There are multiple yield curves. Kleintop said that one was inverted for a couple of days weeks ago, and that scared people into thinking that long term bonds were in trouble. They panicked that it would mean a lack of jobs, a dip in the stock market and that profits would be down, but that curve was fixed to reflect the opposite.
“Don’t worry,” Kleintop said. All of the ingredients for concern are not there.
Kleintop said that the obvious place to look for signs of an impending recession would be Europe, since it is closest to the Ukraine-Russia conflict, but growth in countries there is pretty good. What is more is that from all indications people are still enjoying leisure activities like going to the movies in the midst of conflict and extremely high fuel costs.
Kleintop said a simple check of boxofficemojo.com reveals that numbers are pretty strong.
“It’s a fairly discretionary activity. If you’re not feeling good about your personal financial situation, your job or energy prices, you’re probably not going to the movies,” he said.
This played out in past recessions, where activities like going to the movies turned down. Kleintop used another graphic on driving, which he said was an ingredient to watch out for in predicting a recession. With high fuel costs, he said people in major cities in countries in Europe are still driving.
Kleintop told audience members that he doesn’t scare investors with recession warnings, because he does not have the information to suggest it. From where he is standing now, despite COVID-19, military conflict and alarms going off, there aren’t enough ingredients to call for it. But he will be watching.
After his talk, Kleintop answered several questions from the audience and accepted a gift from Lerner Dean, Bruce Weber. He was also invited to a special event in Lerner Hall, The Transformational Experiences in Finance “State of the Economy” panel discussion.
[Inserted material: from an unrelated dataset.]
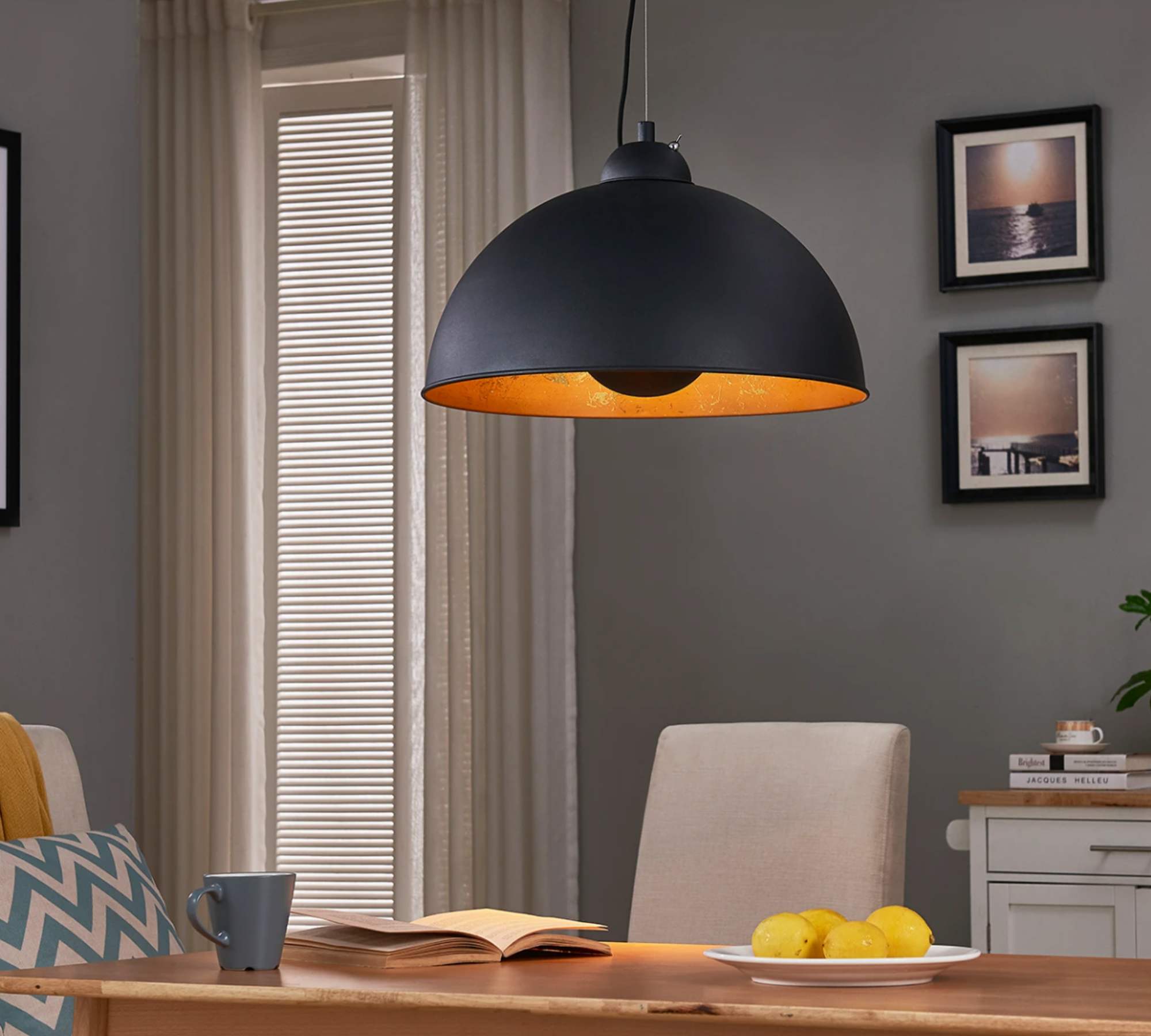 Pendant lamp Buk II Iron 1-light Gold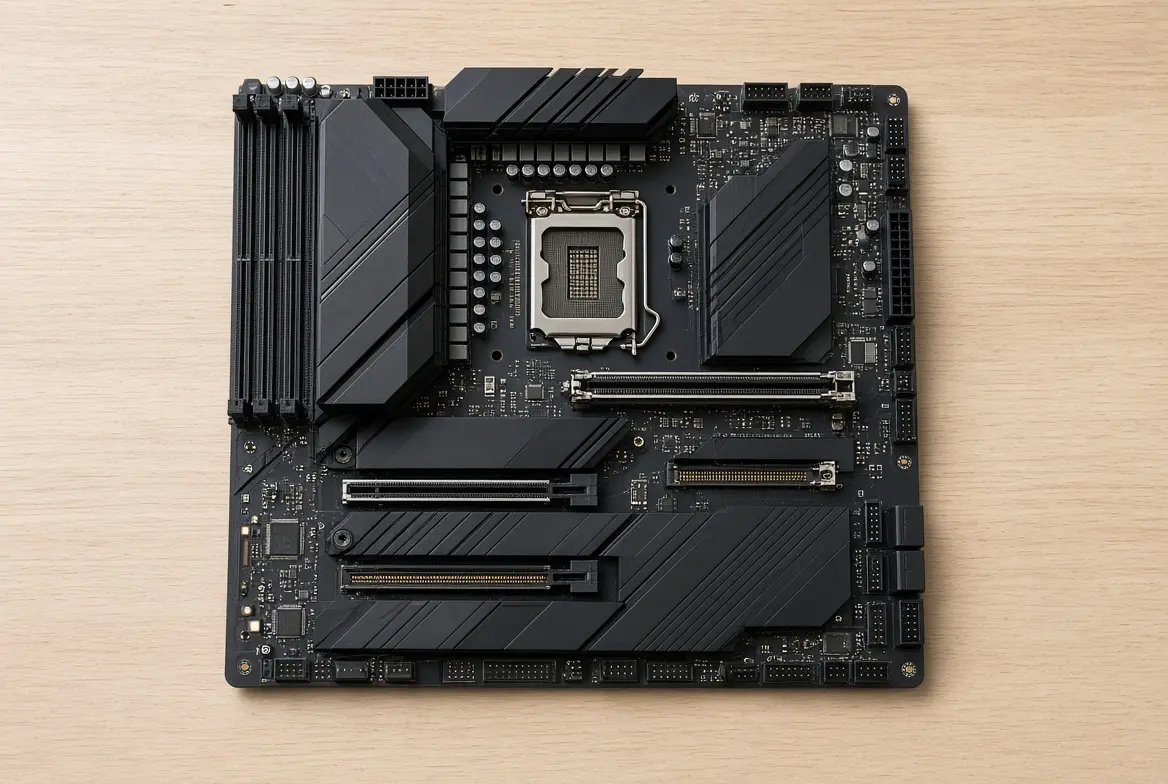 Placa-mãe moderna com slot M.2 e soquete do processador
Kleintop joined Jason Castelluccio, a 2000 graduate and portfolio manager for NuVeen, and Andy Dakos, 1988 Lerner graduate and principal for Bulldog Investors. Lerner students Brielle Glick, a junior, Keaton Stott, also a junior, and Ean Kiely, a senior, also participated. The panel was followed by a networking reception also in the Lerner Atrium.
About the Chaplin Tyler Lecture
The Chaplin Tyler Executive Leadership Lecture Series in UD’s Alfred Lerner College of Business and Economics brings leaders from business, nonprofit organizations and government to campus to share their experiences and insights with students, faculty and the business community in an open exchange of ideas and perspectives.
The series, which is supported by the Chaplin Tyler Endowment Fund, is dedicated to the memory of Chap and Elizabeth Tyler, their commitment to education and their determination to help young people achieve success in the business world.